Another newbie question  

The water system was shown to be working when I bought the van - and it still is.

However water is dripping from the drain plug at the side when the system is under pressure.

I've tried tightening it but it still drips. I notice it doesn't have a washer on it - should it?

The last thing the previous owner showed me was how to drain the system, I guess if there was one it could have fallen off then.

Scott.


----------



## adonisito (Nov 6, 2009)

Our Carver drain plug dripped even though it was tight, I stuck a rubber washer on and it's fine. No idea if it should have one or not. I did the same on the drain plug for the water tank. Stick a washer on it.


----------



## paulmold (Apr 2, 2009)

If it's a Carver heater, then yes it should have a washer like this...

http://www.ebay.co.uk/itm/Truma-Car...ervan_Caravan_Accessories&hash=item4abee04ffc


----------



## VenturerDave (Oct 2, 2009)

We have just had exactly the same problem with our Carver hot water tank.

It started as a slow drip and became a slow flow until we had to turn off the water pump at night otherwise it kept cutting in as the pressure dropped in the system.

I fitted a new O ring to the drain plug with PTFE tape on the thread but it made no difference. I got a new plug with new O ring but again it still leaked. Then someone on a site in Shropshire suggested I undid the four screws holding the vent plate in place to see what was happening. I had (until this point) thought theplate was sealed to the MH body so had been reluctant to disturb them.

As soon as it was removed I could see a fine mist of water coming from the plastic body of the air bleed valve at the top left of the unit.

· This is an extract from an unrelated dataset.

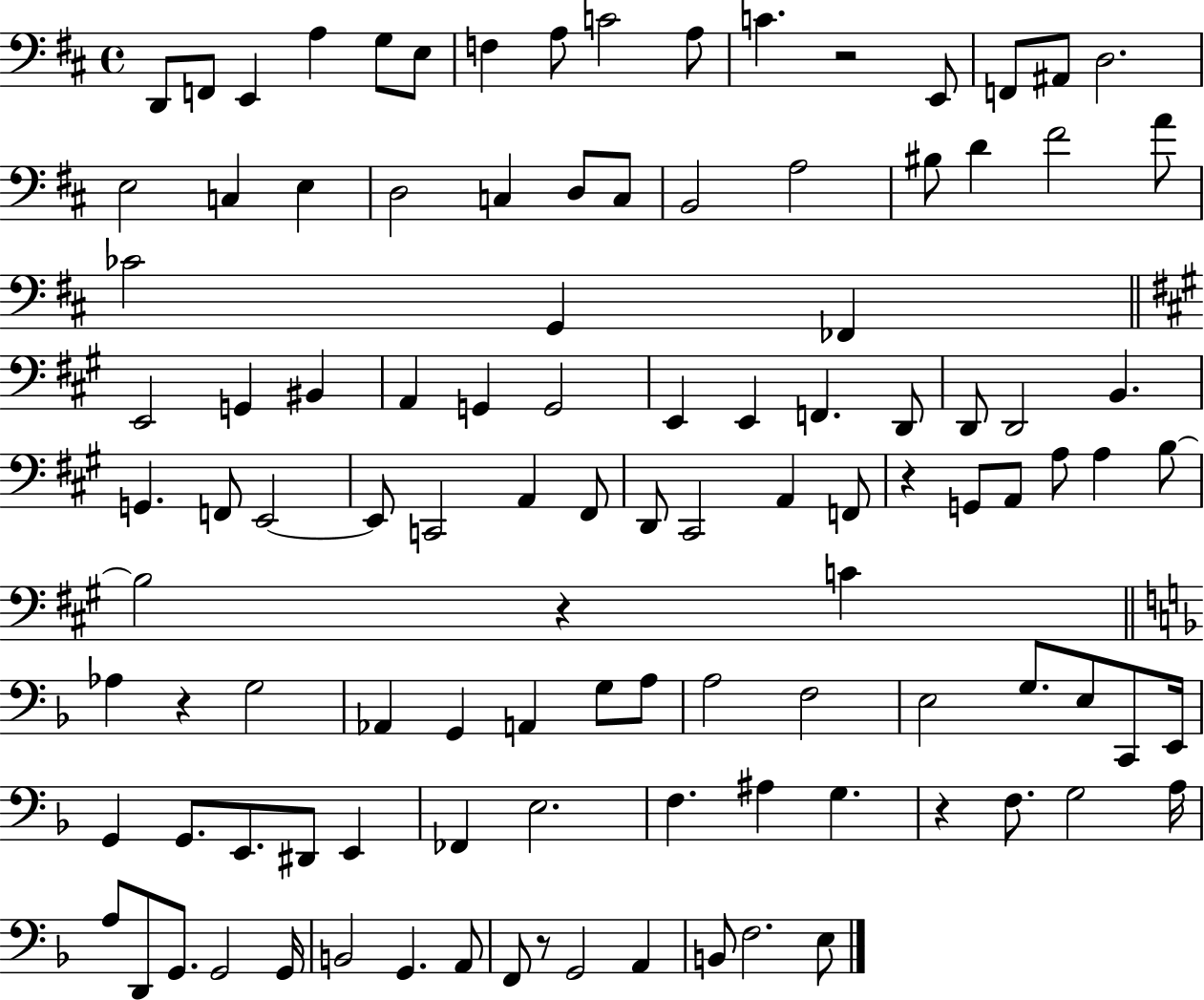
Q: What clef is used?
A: bass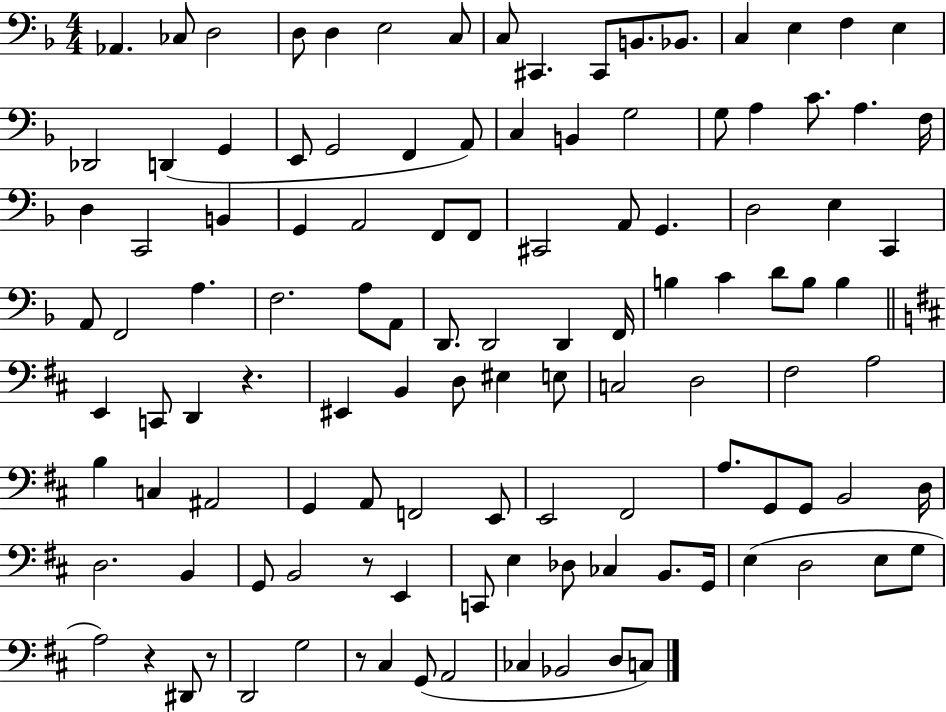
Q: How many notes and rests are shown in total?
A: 116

Shrewsbury's local MH specialist could not deal with it but warned me that usually the valve broke on removal being attempted leaving the thread of the valve in the casting of the tank 'and that really causes a problem' he said.

We headed home and sure enough, as soon a my box spanner touched the valve the spray increased and the valve broke off as soon as I twisted it to undo.

A couple of hours later all the threaded part had been removed carefully ( It's a long story how) and the new valve fitted with it's new O ring and PTFE tape on the thread.

Touch wood, all has been OK for a month now with no leaks.

Good luck !


----------